May 17, 2021

Analyzing the Sentiment & Modeling Topics for the UN General Debate Corpus

(with bibliography)


The United Nations (UN) stands as a pivotal international organization, tasked with promoting peace, upholding international law, and fostering global socio-economic progress. The annual General Debate (GD) of the United Nations General Assembly (UNGA) serves as a crucial forum for member states to address pressing issues and outline their priorities. These speeches, delivered by heads of state or government, provide valuable insights into each nation's stance on global affairs.

The United Nations General Debate Corpus (UNGDC), compiled by Jankin Mikhaylov et al. (2019), offers a comprehensive collection of these speeches in English from 1970 to 2018. In this study, I analyze this corpus to explore variations in sentiment across countries and over time. Building on prior research by Baturo & Dasandi (2017), I focus specifically on the speeches of the P5 member nations: the United States, Russia, the United Kingdom, China, and France.

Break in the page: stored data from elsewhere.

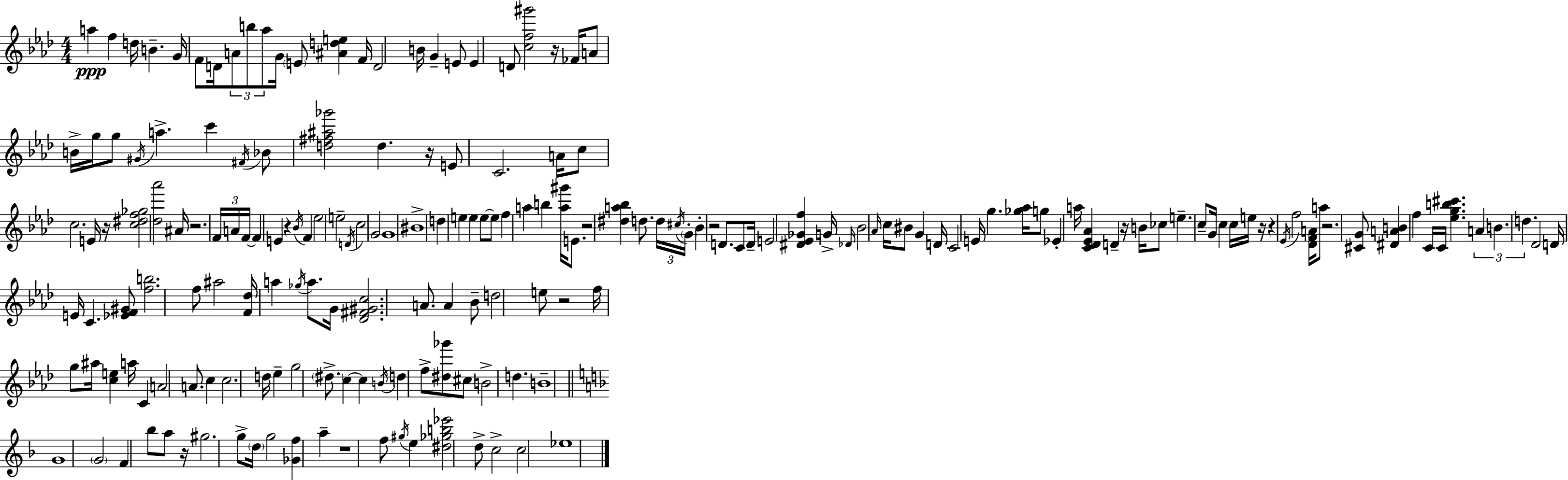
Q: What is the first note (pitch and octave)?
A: A5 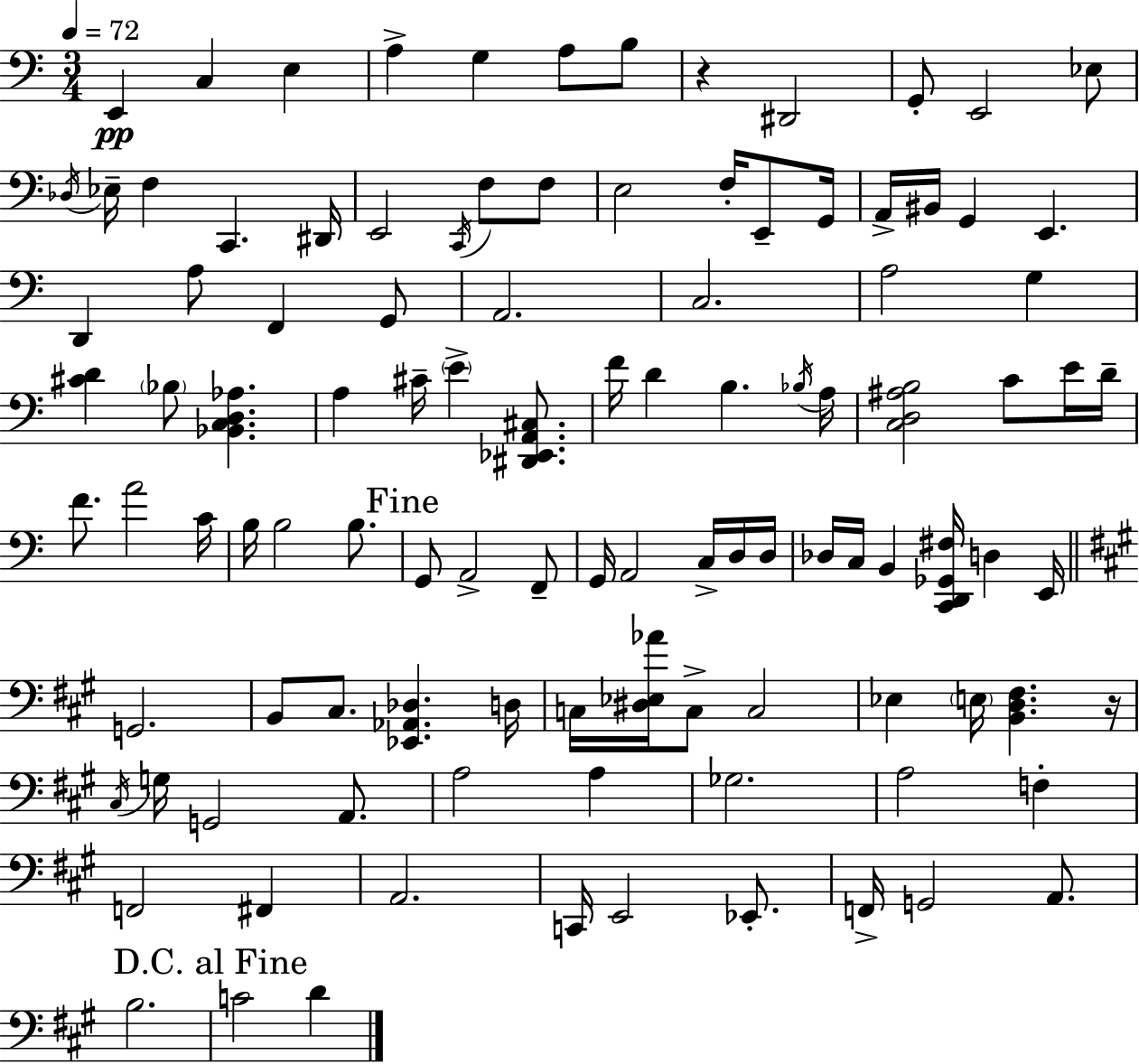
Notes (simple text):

E2/q C3/q E3/q A3/q G3/q A3/e B3/e R/q D#2/h G2/e E2/h Eb3/e Db3/s Eb3/s F3/q C2/q. D#2/s E2/h C2/s F3/e F3/e E3/h F3/s E2/e G2/s A2/s BIS2/s G2/q E2/q. D2/q A3/e F2/q G2/e A2/h. C3/h. A3/h G3/q [C#4,D4]/q Bb3/e [Bb2,C3,D3,Ab3]/q. A3/q C#4/s E4/q [D#2,Eb2,A2,C#3]/e. F4/s D4/q B3/q. Bb3/s A3/s [C3,D3,A#3,B3]/h C4/e E4/s D4/s F4/e. A4/h C4/s B3/s B3/h B3/e. G2/e A2/h F2/e G2/s A2/h C3/s D3/s D3/s Db3/s C3/s B2/q [C2,D2,Gb2,F#3]/s D3/q E2/s G2/h. B2/e C#3/e. [Eb2,Ab2,Db3]/q. D3/s C3/s [D#3,Eb3,Ab4]/s C3/e C3/h Eb3/q E3/s [B2,D3,F#3]/q. R/s C#3/s G3/s G2/h A2/e. A3/h A3/q Gb3/h. A3/h F3/q F2/h F#2/q A2/h. C2/s E2/h Eb2/e. F2/s G2/h A2/e. B3/h. C4/h D4/q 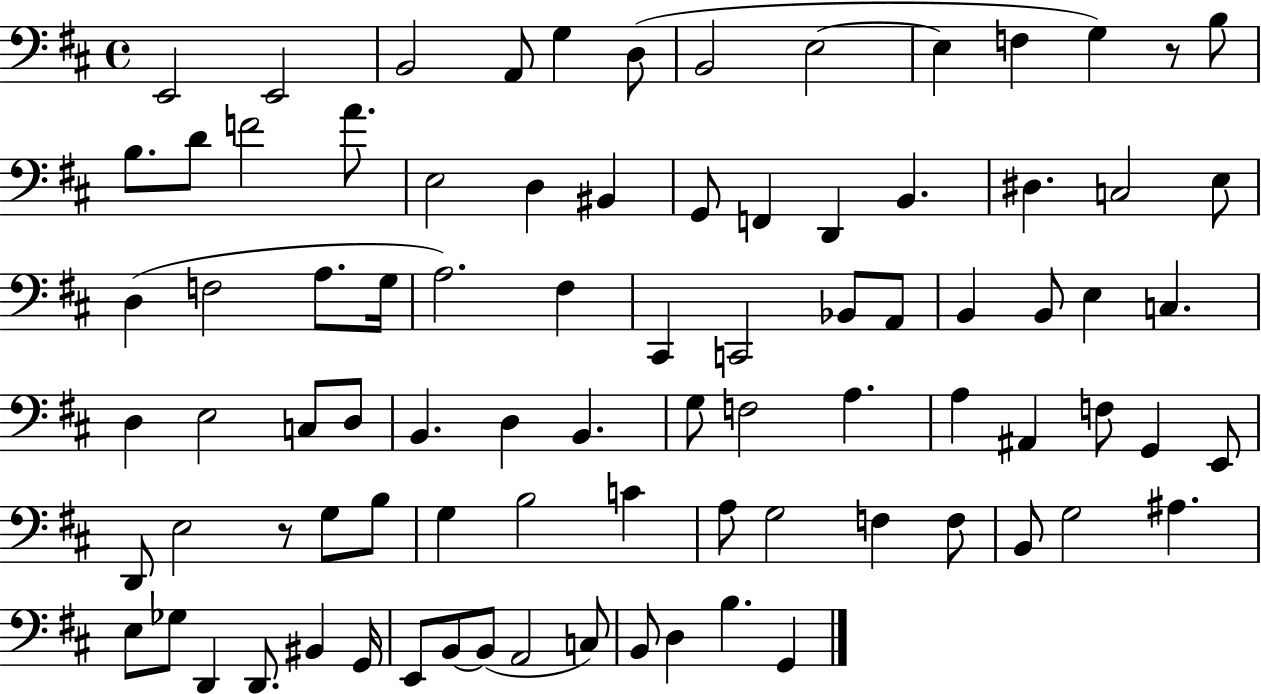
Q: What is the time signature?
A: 4/4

Following an overview of the dataset and preprocessing steps, I employ sentiment analysis to assess the overall tone of the speeches. Additionally, I utilize structured topic modeling techniques to identify distinct themes discussed by the P5 nations. These analyses reveal prevalent topics such as millennium development goals and the principle of self-determination.

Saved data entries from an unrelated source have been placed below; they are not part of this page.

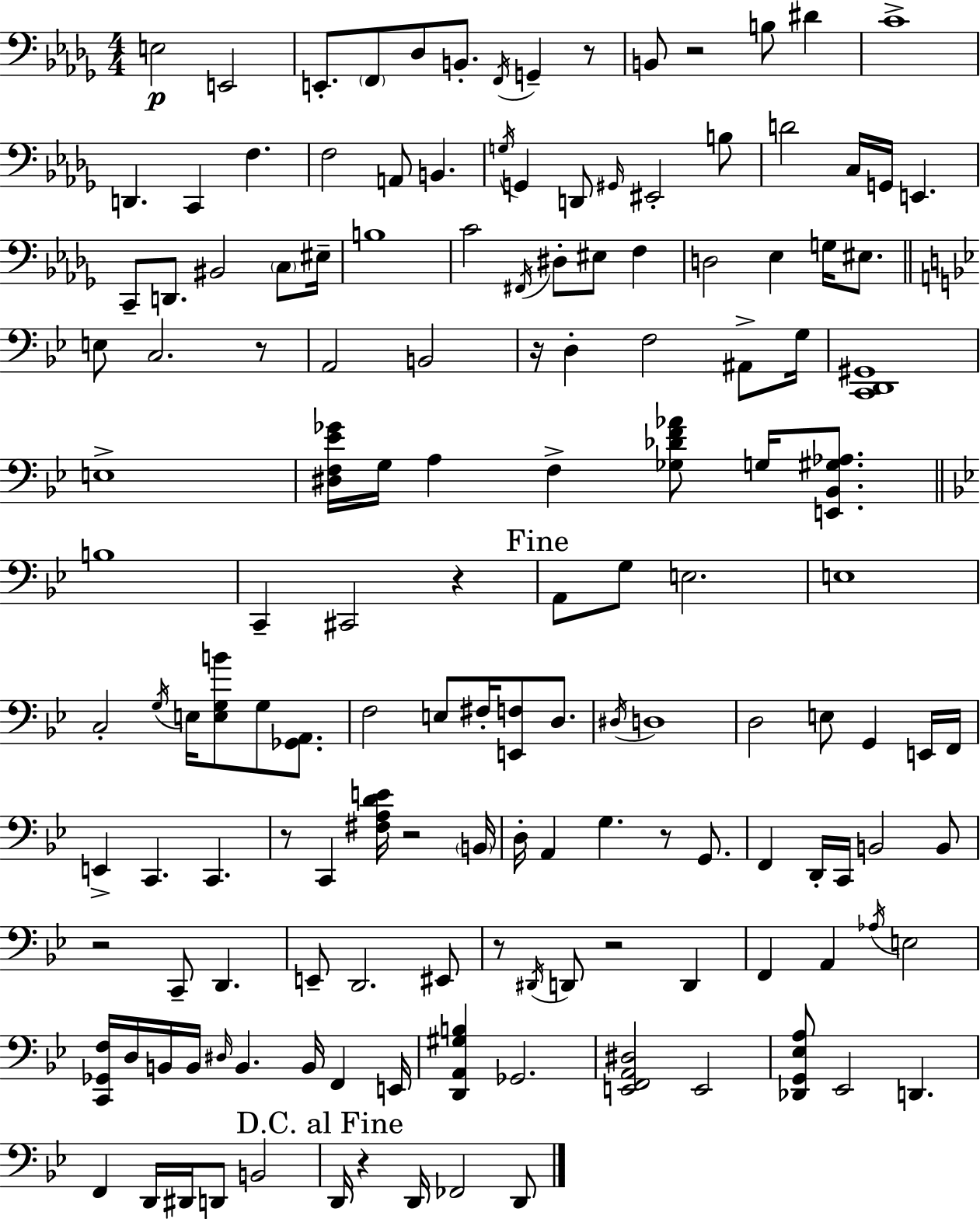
{
  \clef bass
  \numericTimeSignature
  \time 4/4
  \key bes \minor
  e2\p e,2 | e,8.-. \parenthesize f,8 des8 b,8.-. \acciaccatura { f,16 } g,4-- r8 | b,8 r2 b8 dis'4 | c'1-> | \break d,4. c,4 f4. | f2 a,8 b,4. | \acciaccatura { g16 } g,4 d,8 \grace { gis,16 } eis,2-. | b8 d'2 c16 g,16 e,4. | \break c,8-- d,8. bis,2 | \parenthesize c8 eis16-- b1 | c'2 \acciaccatura { fis,16 } dis8-. eis8 | f4 d2 ees4 | \break g16 eis8. \bar "||" \break \key g \minor e8 c2. r8 | a,2 b,2 | r16 d4-. f2 ais,8-> g16 | <c, d, gis,>1 | \break e1-> | <dis f ees' ges'>16 g16 a4 f4-> <ges des' f' aes'>8 g16 <e, bes, gis aes>8. | \bar "||" \break \key bes \major b1 | c,4-- cis,2 r4 | \mark "Fine" a,8 g8 e2. | e1 | \break c2-. \acciaccatura { g16 } e16 <e g b'>8 g8 <ges, a,>8. | f2 e8 fis16-. <e, f>8 d8. | \acciaccatura { dis16 } d1 | d2 e8 g,4 | \break e,16 f,16 e,4-> c,4. c,4. | r8 c,4 <fis a d' e'>16 r2 | \parenthesize b,16 d16-. a,4 g4. r8 g,8. | f,4 d,16-. c,16 b,2 | \break b,8 r2 c,8-- d,4. | e,8-- d,2. | eis,8 r8 \acciaccatura { dis,16 } d,8 r2 d,4 | f,4 a,4 \acciaccatura { aes16 } e2 | \break <c, ges, f>16 d16 b,16 b,16 \grace { dis16 } b,4. b,16 | f,4 e,16 <d, a, gis b>4 ges,2. | <e, f, a, dis>2 e,2 | <des, g, ees a>8 ees,2 d,4. | \break f,4 d,16 dis,16 d,8 b,2 | \mark "D.C. al Fine" d,16 r4 d,16 fes,2 | d,8 \bar "|."
}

Furthermore, I propose a classification model to differentiate between speeches of the P5 member nations based on their linguistic characteristics. By examining the choice of words used in these speeches, we gain insights into the diplomatic priorities and communication strategies of these influential countries.

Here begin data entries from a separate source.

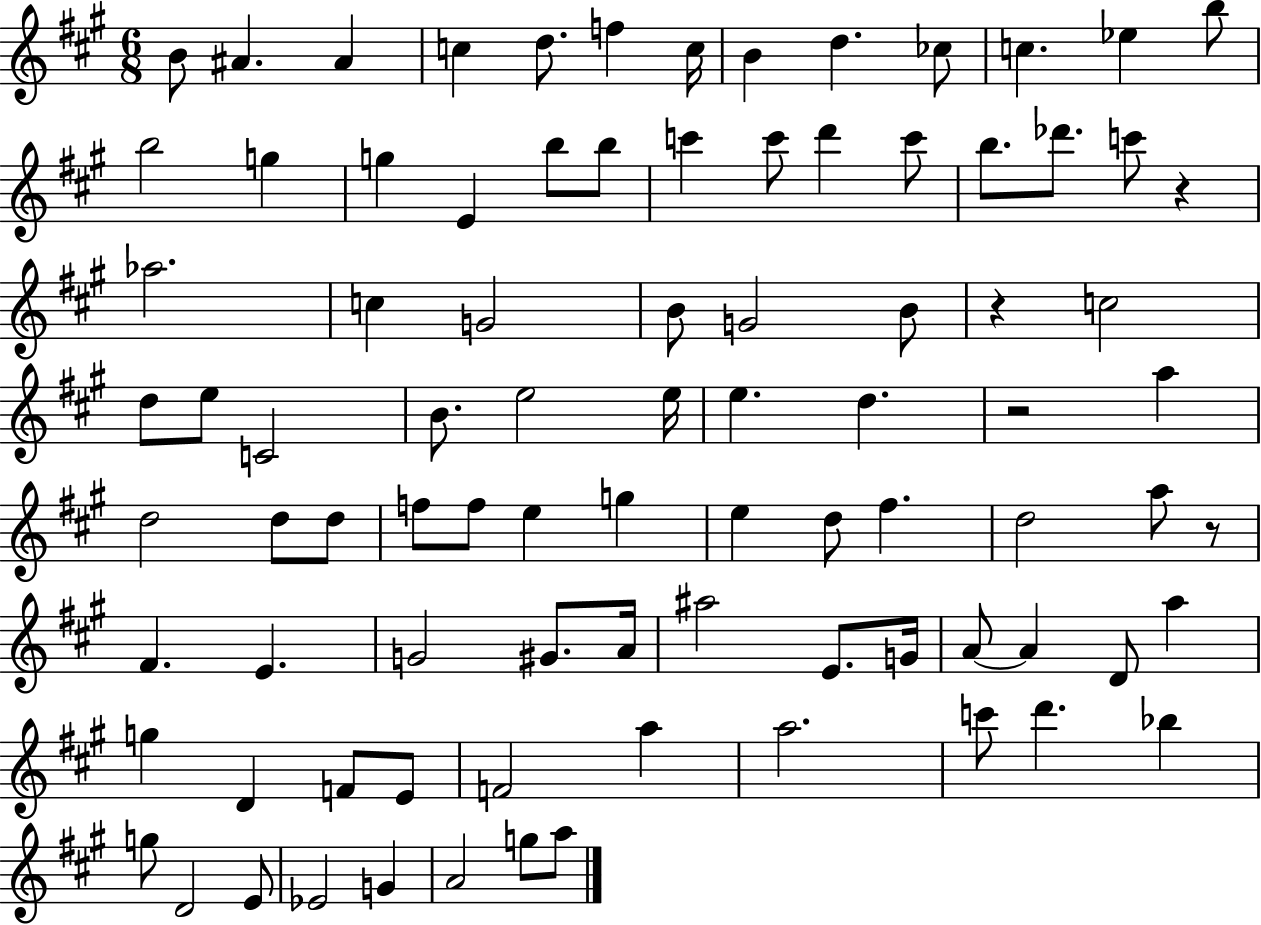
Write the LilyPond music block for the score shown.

{
  \clef treble
  \numericTimeSignature
  \time 6/8
  \key a \major
  b'8 ais'4. ais'4 | c''4 d''8. f''4 c''16 | b'4 d''4. ces''8 | c''4. ees''4 b''8 | \break b''2 g''4 | g''4 e'4 b''8 b''8 | c'''4 c'''8 d'''4 c'''8 | b''8. des'''8. c'''8 r4 | \break aes''2. | c''4 g'2 | b'8 g'2 b'8 | r4 c''2 | \break d''8 e''8 c'2 | b'8. e''2 e''16 | e''4. d''4. | r2 a''4 | \break d''2 d''8 d''8 | f''8 f''8 e''4 g''4 | e''4 d''8 fis''4. | d''2 a''8 r8 | \break fis'4. e'4. | g'2 gis'8. a'16 | ais''2 e'8. g'16 | a'8~~ a'4 d'8 a''4 | \break g''4 d'4 f'8 e'8 | f'2 a''4 | a''2. | c'''8 d'''4. bes''4 | \break g''8 d'2 e'8 | ees'2 g'4 | a'2 g''8 a''8 | \bar "|."
} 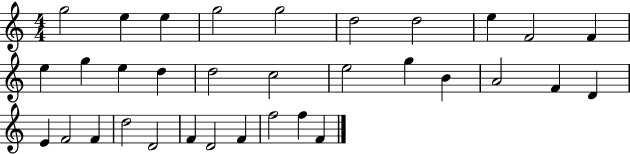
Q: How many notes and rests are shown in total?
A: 33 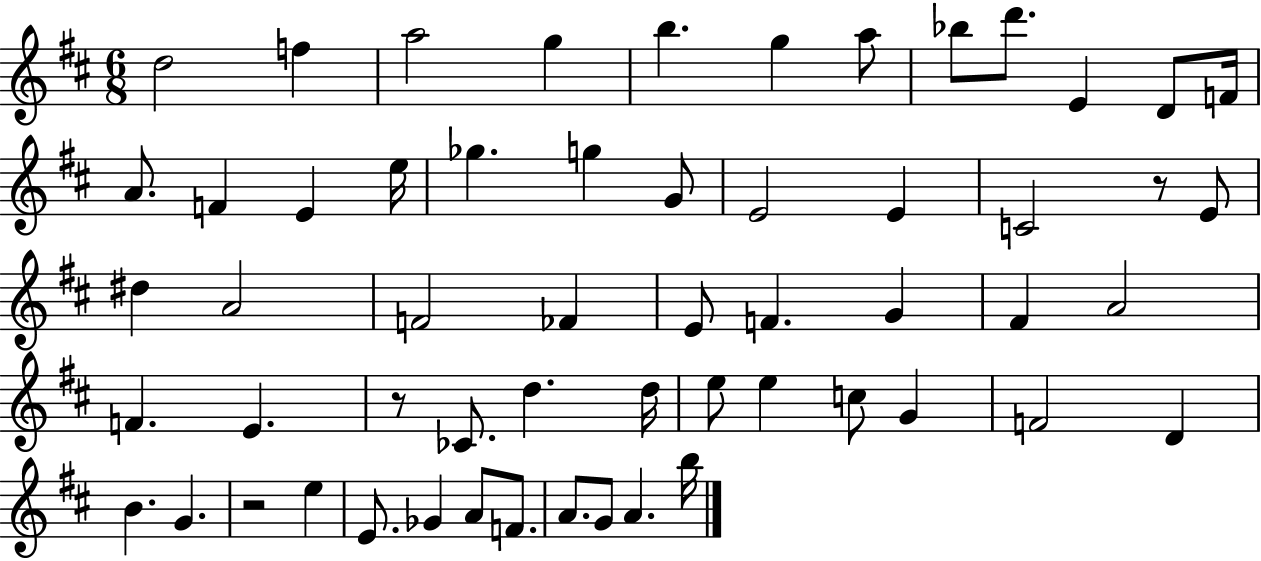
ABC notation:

X:1
T:Untitled
M:6/8
L:1/4
K:D
d2 f a2 g b g a/2 _b/2 d'/2 E D/2 F/4 A/2 F E e/4 _g g G/2 E2 E C2 z/2 E/2 ^d A2 F2 _F E/2 F G ^F A2 F E z/2 _C/2 d d/4 e/2 e c/2 G F2 D B G z2 e E/2 _G A/2 F/2 A/2 G/2 A b/4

In summary, this study offers a comprehensive analysis of the United Nations General Debate, shedding light on sentiment trends, thematic focuses, and linguistic patterns among member nations, particularly the P5. Through these insights, we deepen our understanding of international discourse and diplomatic dynamics within the UN.

The Data

Image description
Figure 1: Frequency of Speeches by Representatives at the United Nations General Debate

The United Nations General Debate Corpus (UNGDC) encompasses speeches delivered by representatives from 200 member nations at the General Debate sessions of the United Nations General Assembly (UNGA) spanning from 1970 to 2018, all presented in English. Figure 1 illustrates the distribution of speeches by country, revealing variations in participation over time. The dataset comprises 8,093 observations, each corresponding to a country-year pair.

Image description
Table 1: First 3 Rows of the UNGDC

Table 1 displays a sample of the dataset, featuring columns such as 'doc_id' (file name), 'text' (speech content), 'Country' (ISO 3-letter country code), 'Session' (UNGA session), and 'Year' (year of session). Notably, 'Country' is treated as a categorical variable, while 'Session' and 'Year' are continuous variables.


Image description
Figures 2(a) and 2(b)

In preprocessing the text data from the UNGDC, a bag-of-words approach is utilized, representing each document with a set of words and phrases up to 4-grams, without considering grammar or word order. Tokenization is performed using a simple approach, as shown in Figures 2(a) and 2(b), where both methods yield similar results. Punctuation, symbols, numbers, and URLs are removed, and tokens are converted into up to 4-gram tokens.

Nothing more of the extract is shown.